Une très faible partie du sol était la propriété de ceux qui cultivaient. Par le maintien du système féodal, les feudataires avaient conservé, sur la plupart des terrains, dont la jouissance appartenait aux particuliers et aux communes, un droit de redevance qui leur en assurait la propriété directe : d’autres terres étaient allouées à des particuliers par les communes sous des conditions à peu près semblables ; enfin les domaines dont les seigneurs n’avaient point aliénés l’usufruit étaient, comme en Espagne, administrés par des agens subalternes, sur lesquels les barons se reposaient du soin de mettre en culture de vastes terrains qu’ils ne connaissaient bien souvent que par les revenus qu’ils en retiraient. Quelques-uns de ces grands propriétaires daignaient, il est vrai, visiter leurs domaines pendant les mois d’avril ou de mai ; mais ces courtes apparitions étaient bien insuffisantes pour vaincre l’inertie des paysans, opposés par instinct aux améliorations ; car un des traits caractéristiques du paysan sarde est d’avoir en horreur tout ce qui tend à troubler ses habitudes routinières. Une satisfaction intime, un naïf orgueil, qui sont en lui, repoussent l’idée de tout perfectionnement.

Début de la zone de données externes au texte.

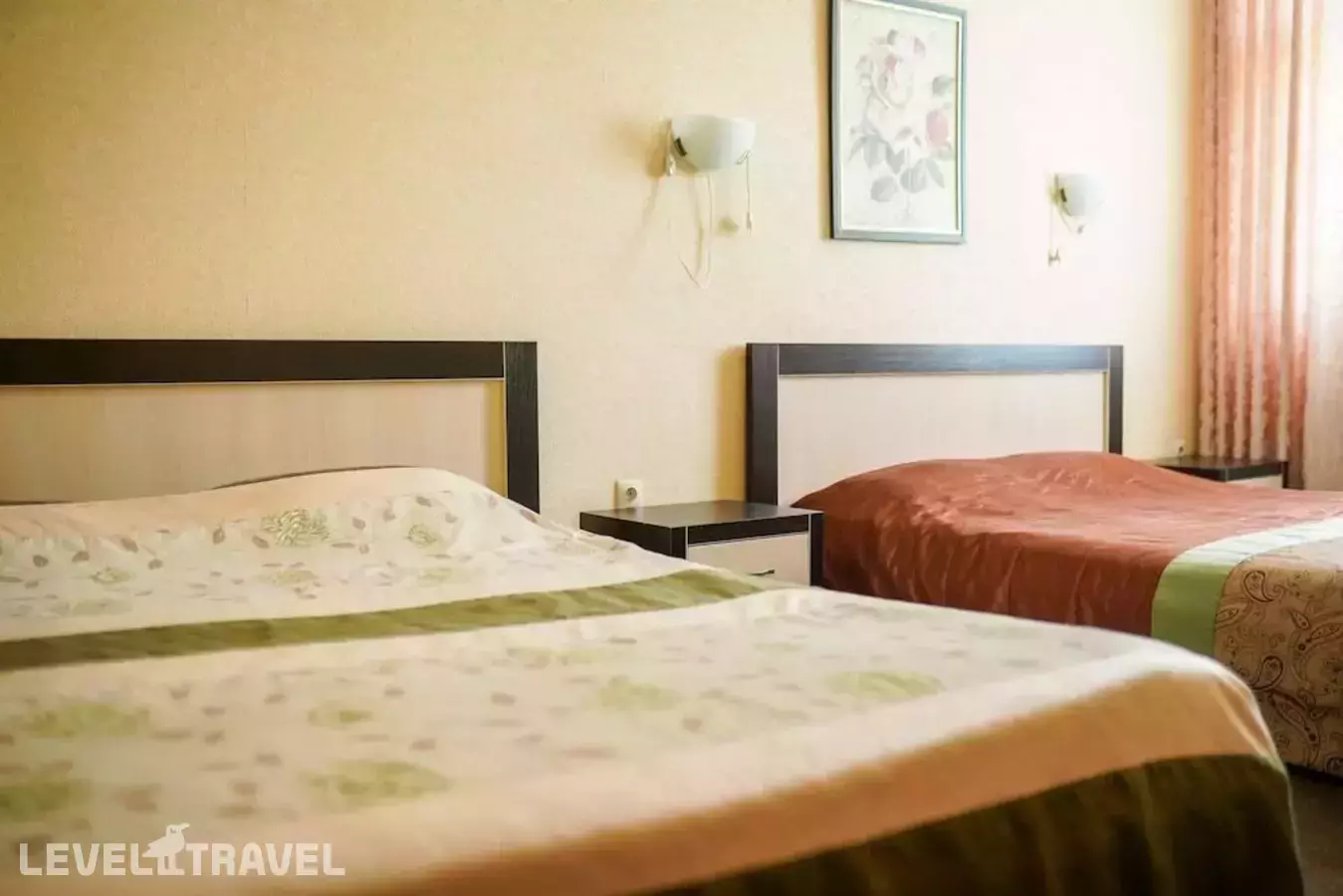 Сиун (Бывш. Бизнесцентр)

Un changement dans l’état de la propriété était d’autant plus désirable, que le fardeau commençait à peser aux privilégiés aussi bien qu’aux paysans. Les hauts-barons, qui apparaissaient à peine une fois l’an sur leurs terres, étaient naturellement fort indifférens à l’exercice de leurs droits féodaux. L’administration de la justice leur semblait onéreuse, et, quand ils le pouvaient, ils préféraient l’impunité d’un délit qui les touchait peu aux charges de la répression. Aussi la justice baronniale laissait-elle beaucoup à désirer. Quant aux prestations de tout genre attachées au droit de suzeraineté, elles ne composaient aux feudataires qu’un revenu modique et incertain. Il y avait donc avantage pour tous à compenser les redevances féodales par une indemnité une fois payée.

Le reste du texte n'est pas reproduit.